What is not mentioned is that none of these pills cure an illness, but merely mask the symptoms.

*Why is it that our society cannot prosecute someone that threw a prostitute out a car window?

Our legal and “criminal” justice system has become so complex that it is no longer able to distinguish between right and wrong even when it is quite obvious.

Is this because the largest percentage of politicians in this country come from the ranks of the “legal” profession?

*Would it be different if O. J. Simpson threw the woman out of the car, or if the woman had been Paris Hilton or Brittany Spears?

I suspect it would be because American society has developed a fascination for “celebrities.”

They’ve nurtured this obsession while being able to walk past street people and the poor without seeing them.

I did a little research on Molly McKenna. Her father is a very successful Gynecologist/Obstetrician and her mother is an English professor. She was the oldest of three children and at 10 claimed to have been molested by her father.

*What type of society allows adults to molest children and get away with it?

The answer to this is American society and life in the U S of A.

2 thoughts on “Life in the US of A by Guadamour (Molly; runaway)

  1. Pingback: The Nameless by Guadamour « Dandelion Salad

  2. Thanks for telling this sad story which I read just after this one: “Murder in New Orleans – No Big Thing in the Big Easy”.
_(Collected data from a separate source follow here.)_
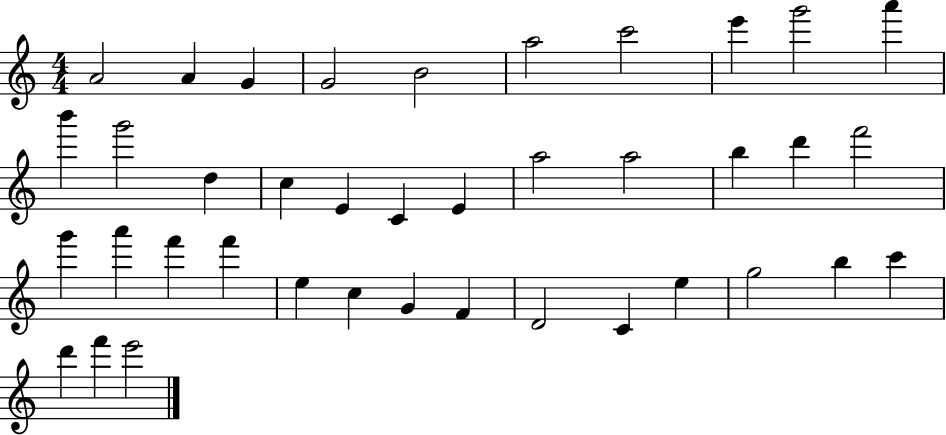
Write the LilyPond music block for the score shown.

{
  \clef treble
  \numericTimeSignature
  \time 4/4
  \key c \major
  a'2 a'4 g'4 | g'2 b'2 | a''2 c'''2 | e'''4 g'''2 a'''4 | \break b'''4 g'''2 d''4 | c''4 e'4 c'4 e'4 | a''2 a''2 | b''4 d'''4 f'''2 | \break g'''4 a'''4 f'''4 f'''4 | e''4 c''4 g'4 f'4 | d'2 c'4 e''4 | g''2 b''4 c'''4 | \break d'''4 f'''4 e'''2 | \bar "|."
}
    http://www.blackagendareport.com/index.php?option=com_content&task=view&id=349&Itemid=33

    In my own life, I’m the daughter of bigots. The opinions of women (or non-whites or non-Christians or non-Americans etc) everywhere held no value in my family. I’m now in my 50’s and recognize that I’m one of the lucky ones. The worst that has happened to me is that I married abusive men and suffer from chronic low self-esteem. These things are fixable.

    Our society has a cancer. The cure is compassion. I relate especially to this statement in your story:

    “They’ve nurtured this obsession while being able to walk past street people and the poor without seeing them.”

    We are losing our humanity. We focus on war instead of peace and sickness instead of health. I’ll be supporting Kucinich for President in an effort to turn things around.